> Task brief:
Search the data for the word "ivoire" and copy every line where it occurs.

> Data extract:
++++++++
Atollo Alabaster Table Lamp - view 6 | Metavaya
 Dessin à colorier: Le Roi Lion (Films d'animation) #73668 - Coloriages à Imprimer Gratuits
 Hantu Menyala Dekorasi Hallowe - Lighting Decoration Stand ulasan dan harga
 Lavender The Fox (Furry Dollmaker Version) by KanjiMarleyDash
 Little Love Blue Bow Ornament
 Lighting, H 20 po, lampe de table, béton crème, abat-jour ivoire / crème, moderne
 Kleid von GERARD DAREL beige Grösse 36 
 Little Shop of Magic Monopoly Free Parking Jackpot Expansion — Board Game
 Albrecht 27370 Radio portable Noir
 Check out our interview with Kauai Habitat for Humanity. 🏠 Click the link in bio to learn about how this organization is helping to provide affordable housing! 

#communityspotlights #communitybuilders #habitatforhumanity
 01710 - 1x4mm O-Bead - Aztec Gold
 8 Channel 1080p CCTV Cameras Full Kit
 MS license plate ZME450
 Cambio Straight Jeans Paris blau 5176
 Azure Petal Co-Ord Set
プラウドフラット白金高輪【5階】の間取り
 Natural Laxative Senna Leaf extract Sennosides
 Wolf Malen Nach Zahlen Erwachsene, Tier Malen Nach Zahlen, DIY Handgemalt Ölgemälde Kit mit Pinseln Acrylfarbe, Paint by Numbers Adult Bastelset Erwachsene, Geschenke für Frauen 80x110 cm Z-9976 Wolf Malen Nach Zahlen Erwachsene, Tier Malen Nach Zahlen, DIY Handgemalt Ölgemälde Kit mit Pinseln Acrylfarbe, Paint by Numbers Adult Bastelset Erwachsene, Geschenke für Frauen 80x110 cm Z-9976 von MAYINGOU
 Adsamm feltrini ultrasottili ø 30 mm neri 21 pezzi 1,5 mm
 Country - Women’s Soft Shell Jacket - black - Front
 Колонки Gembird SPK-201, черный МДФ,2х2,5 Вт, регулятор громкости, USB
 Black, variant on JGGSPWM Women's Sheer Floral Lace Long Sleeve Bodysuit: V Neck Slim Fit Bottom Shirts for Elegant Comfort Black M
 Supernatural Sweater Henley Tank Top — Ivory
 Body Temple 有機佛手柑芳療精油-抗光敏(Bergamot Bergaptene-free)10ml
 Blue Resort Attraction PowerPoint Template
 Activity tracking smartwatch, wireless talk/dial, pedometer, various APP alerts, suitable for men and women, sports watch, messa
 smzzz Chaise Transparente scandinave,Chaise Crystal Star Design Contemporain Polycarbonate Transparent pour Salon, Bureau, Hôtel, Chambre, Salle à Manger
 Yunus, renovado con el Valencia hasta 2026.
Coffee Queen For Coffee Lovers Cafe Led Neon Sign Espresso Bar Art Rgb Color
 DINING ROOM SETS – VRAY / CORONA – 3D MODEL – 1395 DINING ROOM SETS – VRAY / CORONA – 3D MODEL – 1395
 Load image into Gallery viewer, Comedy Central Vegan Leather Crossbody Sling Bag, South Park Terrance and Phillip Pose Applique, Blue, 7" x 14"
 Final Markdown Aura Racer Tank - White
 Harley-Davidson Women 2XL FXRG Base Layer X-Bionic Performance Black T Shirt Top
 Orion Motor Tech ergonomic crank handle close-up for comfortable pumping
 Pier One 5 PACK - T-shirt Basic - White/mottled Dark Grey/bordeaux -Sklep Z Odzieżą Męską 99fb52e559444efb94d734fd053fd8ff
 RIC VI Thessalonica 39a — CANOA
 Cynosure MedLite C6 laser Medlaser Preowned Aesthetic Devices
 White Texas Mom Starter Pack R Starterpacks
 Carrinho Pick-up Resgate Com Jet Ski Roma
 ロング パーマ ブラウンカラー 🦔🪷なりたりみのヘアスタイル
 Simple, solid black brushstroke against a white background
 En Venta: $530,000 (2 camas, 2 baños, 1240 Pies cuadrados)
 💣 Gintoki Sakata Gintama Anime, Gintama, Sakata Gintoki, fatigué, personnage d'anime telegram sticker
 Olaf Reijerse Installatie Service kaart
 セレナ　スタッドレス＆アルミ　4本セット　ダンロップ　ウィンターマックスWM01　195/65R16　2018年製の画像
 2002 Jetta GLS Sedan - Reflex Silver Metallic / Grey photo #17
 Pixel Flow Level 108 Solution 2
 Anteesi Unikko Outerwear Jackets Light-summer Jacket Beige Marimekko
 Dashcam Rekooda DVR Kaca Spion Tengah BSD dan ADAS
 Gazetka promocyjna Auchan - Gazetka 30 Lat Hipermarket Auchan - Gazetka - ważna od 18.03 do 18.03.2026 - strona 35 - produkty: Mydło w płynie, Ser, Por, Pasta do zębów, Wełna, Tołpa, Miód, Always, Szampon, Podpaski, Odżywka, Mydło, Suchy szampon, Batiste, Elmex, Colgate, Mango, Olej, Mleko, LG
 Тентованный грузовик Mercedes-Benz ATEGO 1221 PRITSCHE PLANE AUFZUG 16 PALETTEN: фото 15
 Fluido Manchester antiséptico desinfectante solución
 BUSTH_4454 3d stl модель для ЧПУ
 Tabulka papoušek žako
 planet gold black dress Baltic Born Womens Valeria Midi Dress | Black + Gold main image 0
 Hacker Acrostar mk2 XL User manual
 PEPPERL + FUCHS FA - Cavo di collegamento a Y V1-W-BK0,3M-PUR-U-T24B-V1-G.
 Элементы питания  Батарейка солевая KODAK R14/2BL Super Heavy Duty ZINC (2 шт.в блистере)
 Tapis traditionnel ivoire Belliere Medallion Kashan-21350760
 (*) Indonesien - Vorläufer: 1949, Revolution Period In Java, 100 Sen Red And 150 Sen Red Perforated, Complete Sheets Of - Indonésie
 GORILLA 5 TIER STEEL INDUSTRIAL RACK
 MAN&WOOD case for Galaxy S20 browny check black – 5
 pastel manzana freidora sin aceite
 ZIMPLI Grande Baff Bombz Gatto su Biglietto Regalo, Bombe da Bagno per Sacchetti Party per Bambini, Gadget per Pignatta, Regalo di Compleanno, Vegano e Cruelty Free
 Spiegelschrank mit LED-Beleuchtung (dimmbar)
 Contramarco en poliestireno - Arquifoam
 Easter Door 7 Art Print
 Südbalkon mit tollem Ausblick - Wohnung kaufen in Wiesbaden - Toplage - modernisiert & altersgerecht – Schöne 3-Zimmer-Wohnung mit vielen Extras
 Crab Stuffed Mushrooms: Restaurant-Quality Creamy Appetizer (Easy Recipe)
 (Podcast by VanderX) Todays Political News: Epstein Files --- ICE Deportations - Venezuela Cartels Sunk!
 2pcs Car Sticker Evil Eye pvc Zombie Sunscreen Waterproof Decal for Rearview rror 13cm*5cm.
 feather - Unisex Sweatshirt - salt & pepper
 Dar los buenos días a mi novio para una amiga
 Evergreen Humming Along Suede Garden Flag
++++++++
> Exercise solution:
 Lighting, H 20 po, lampe de table, béton crème, abat-jour ivoire / crème, moderne
 Tapis traditionnel ivoire Belliere Medallion Kashan-21350760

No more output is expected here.